In the records below, repeat word for word only the lines starting at the one that contains "Porsche 718 Cayman" and ending at the one that contains "Mantar toplamak iin gezdii ormanda kayboldu", pictures excluded.

## Provided data
Start of Block

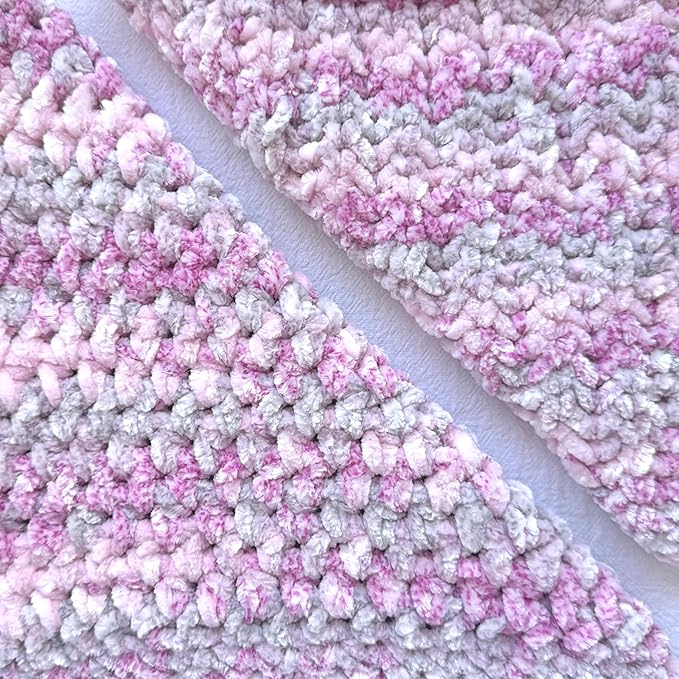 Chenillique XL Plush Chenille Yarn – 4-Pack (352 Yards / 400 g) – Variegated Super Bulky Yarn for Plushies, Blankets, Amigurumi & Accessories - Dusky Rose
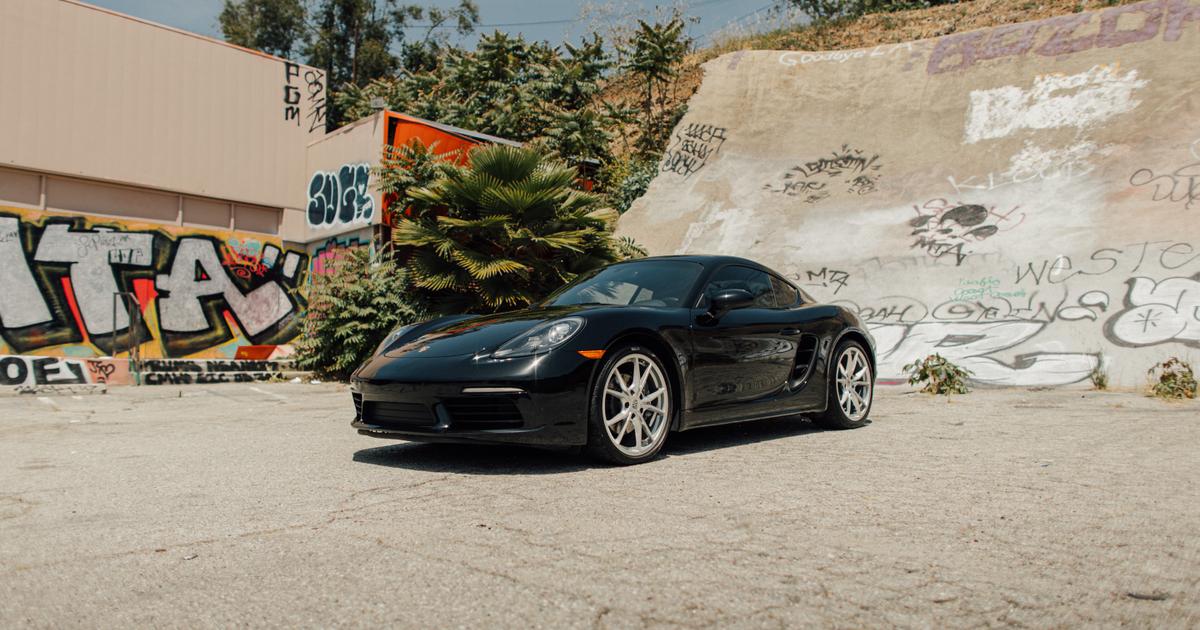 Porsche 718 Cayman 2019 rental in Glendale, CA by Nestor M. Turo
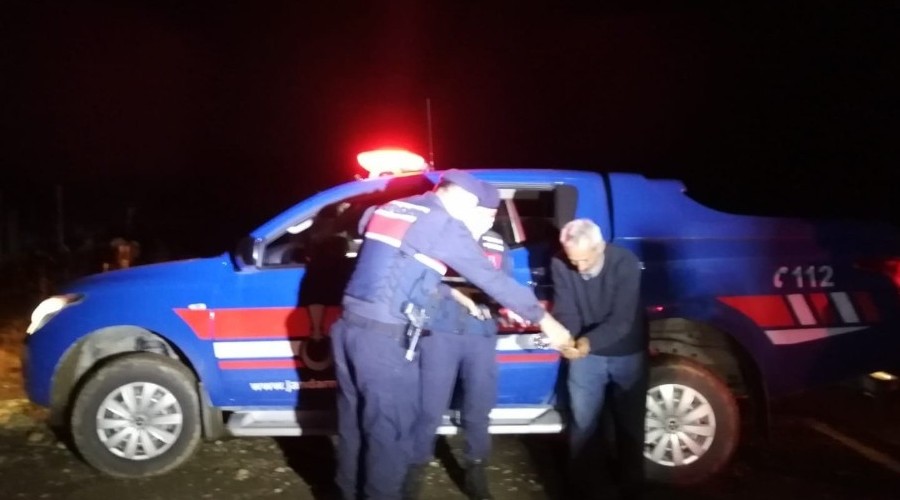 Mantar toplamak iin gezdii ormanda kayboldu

End of Block
Start of Block

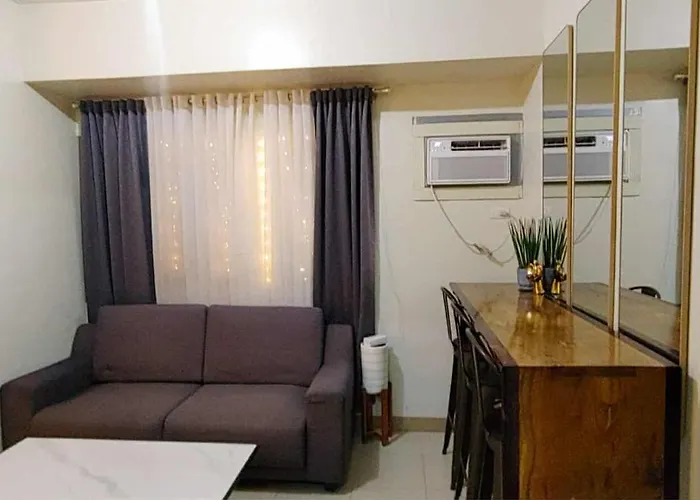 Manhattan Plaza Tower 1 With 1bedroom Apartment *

End of Block
Start of Block

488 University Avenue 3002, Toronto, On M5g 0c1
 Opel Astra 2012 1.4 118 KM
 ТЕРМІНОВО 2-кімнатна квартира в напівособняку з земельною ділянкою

End of Block

## Solution to this problem
 Porsche 718 Cayman 2019 rental in Glendale, CA by Nestor M. Turo
 Mantar toplamak iin gezdii ormanda kayboldu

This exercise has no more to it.